I had about two seconds until I absolutely needed to get in the car and go to work. So I grabbed an onion, quartered it, and added that to pot. Hubby and I love onion – I put it in everything! But please adjust to your own tastes.

And then this. my friends, was my surprise when I  got home. I call it a surprise for a reason. With the crock pot, you can’t really test it or taste it as you go along. Raw meat goes into a container for 7-8 hours on low and you hope that something edible comes out of the container when you return home.

Today was a wonderful, delicious surprise. I carefully pulled the chicken out of the slow cooker, trying hard to keep them intact as the chicken was falling off the bones.

I put a small pot on the stove to make some jasmine rice using 3 parts water and 1 part chicken broth from the slow cooker.

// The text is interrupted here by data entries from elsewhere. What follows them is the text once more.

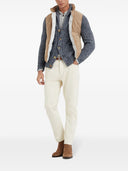 Brunello Cucinelli Suede Sleeveless Down Waistcoat
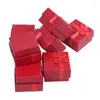 Jewelry Pouches 24 Pcs Gift Box Set - Square Ring For Anniversaries Weddings Birthdays Assorted Colors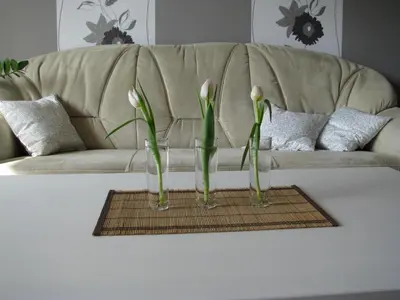Ein Sitzbereich in der Unterkunft Ferienwohnung Arnold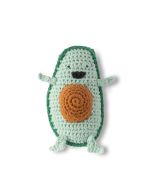 Weegoamigo Crochet Rattle - Anthony Avocado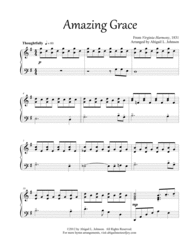 Amazing Grace (Beautiful Piano Solo) Sheet Music by Virginia Harmony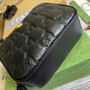 Gucci 702234 GG Matelassé leather shoulder bag Black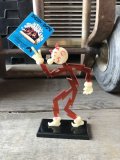 〜50s Vintage REDDY KILOWATT Standing Business Card Holder Figure (M585)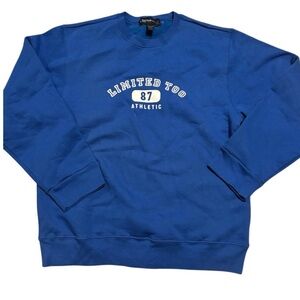 LIMITED TOO NWOT GIRLS BLUE WHITE SWEATSHIRT TOP WINTER CASUAL FALL SIZE XL 16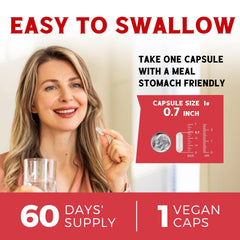 Vitalibre: cápsulas con vitamina C para absorción mejorada.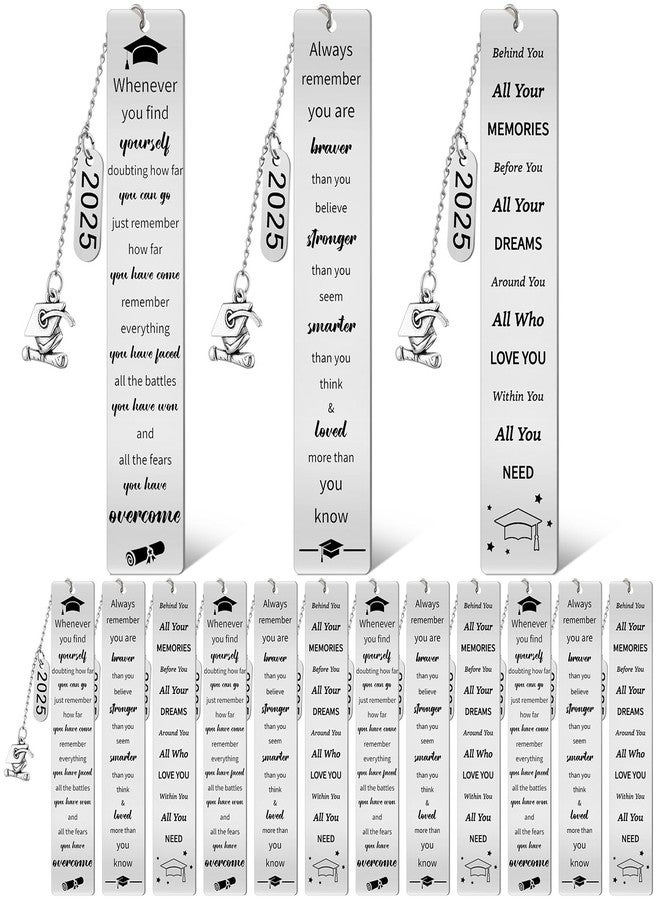 Skyygemm 15 Pcs Graduation Bookmarks Graduation Gifts Bulk Class of 2025 Congrats Grad Gifts Bulk for Classroom Students Grad Party Favors - Image 1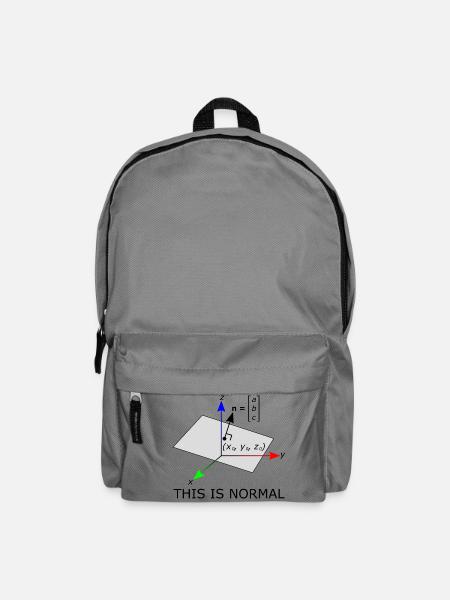 Das ist normal - Rucksack - Mittelgrau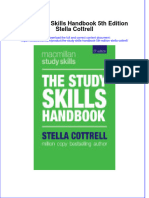 Full Chapter The Study Skills Handbook 5Th Edition Stella Cottrell PDF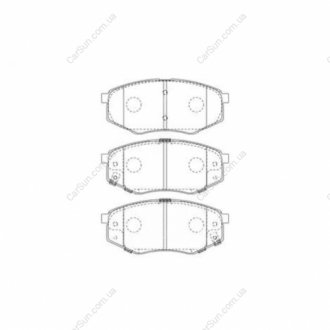 Колодки тормозные дисковые передние HYUNDAI ix20 (JC) 10-, SONATA VI (YF) 09-15| CHAMPION 573454CH (фото 1)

I had some leftover spinach that was about to expire, so I also sauteed some spinach with butter, olive oil, and garlic as another side dish.

Important thing to note about spinach. This huge bunch is really only one small serving.

And finally, we were ready to eat. My husband’s patience for photographing food is decreasing by the day…

For the record, I got home at 5pm, took pictures, made rice and spinach, served and ate dinner, and we were back out the door at 5:45, with about 10 minutes of relaxing to spare. Now that’s what I call a weeknight meal!